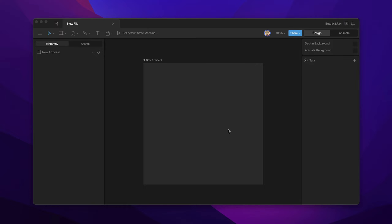One of the most important tools that you'll need to know about as we start rigging in Rive is the bone tool. Bones allow you to create a skeleton for your graphics.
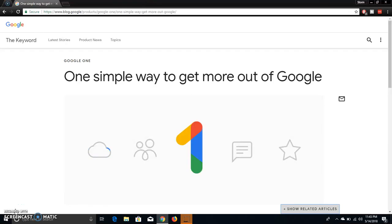The LG V20 user here, and today I've been reading about Google. So I'm on their blog page here, and today we're talking about One by Google.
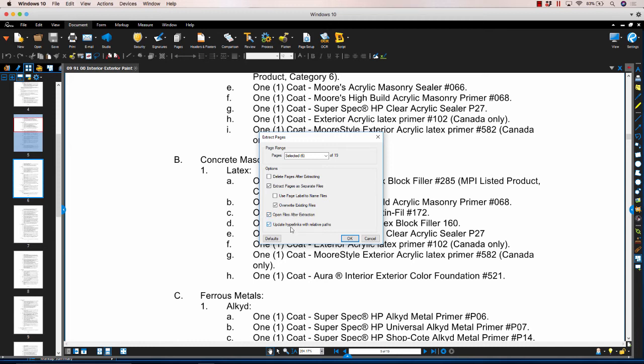Last but not least, Update Hyperlinks with Relative Paths. This option will automatically update hyperlinks contained in the extracted page with relative paths; otherwise, full paths are used. Once your selections have been made, click OK.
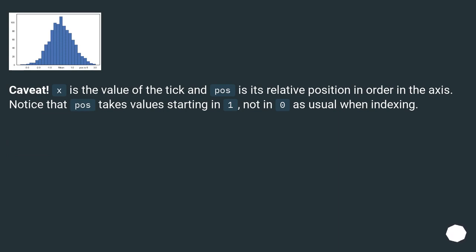Caveat: X is the value of the tick and POS is its relative position in order in the axis. Notice that POS takes value starting in 1, not in 0 as usual when indexing.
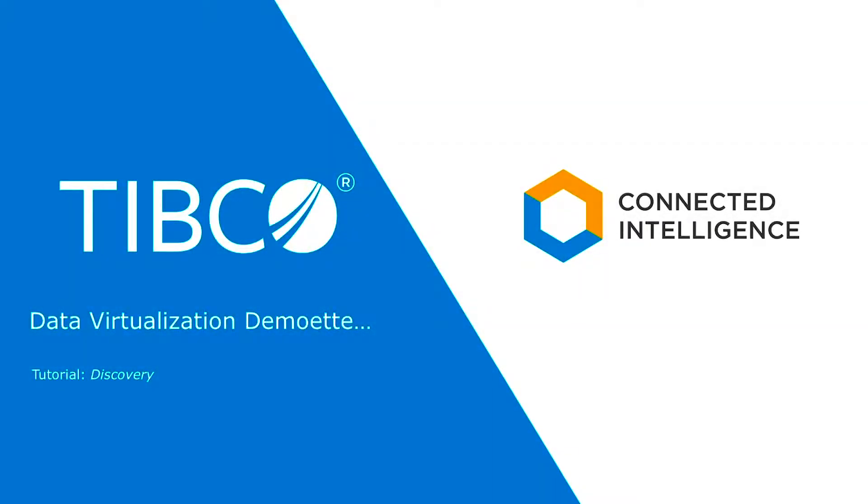Hello, and welcome to the demo series for TIBCO Data Virtualization, or TDV. In this demo, we show the use of the Discovery product.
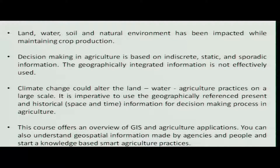This course has been designed based on the following requirements. Land, water, soil and natural environment have been impacted while maintaining our crop production. Decision making in agriculture is based on static and sporadic information, and geographical integration is not effectively used in our agriculture practices.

**WHAT IS REQUIRED**
From the first line of the entries above down to the line holding "The LG V20 user", quote each line exactly and nothing else, skipping pictures.

**WRITTEN RESPONSE**
One of the most important tools that you'll need to know about as we start rigging in Rive is the bone tool. Bones allow you to create a skeleton for your graphics.
The LG V20 user here, and today I've been reading about Google. So I'm on their blog page here, and today we're talking about One by Google.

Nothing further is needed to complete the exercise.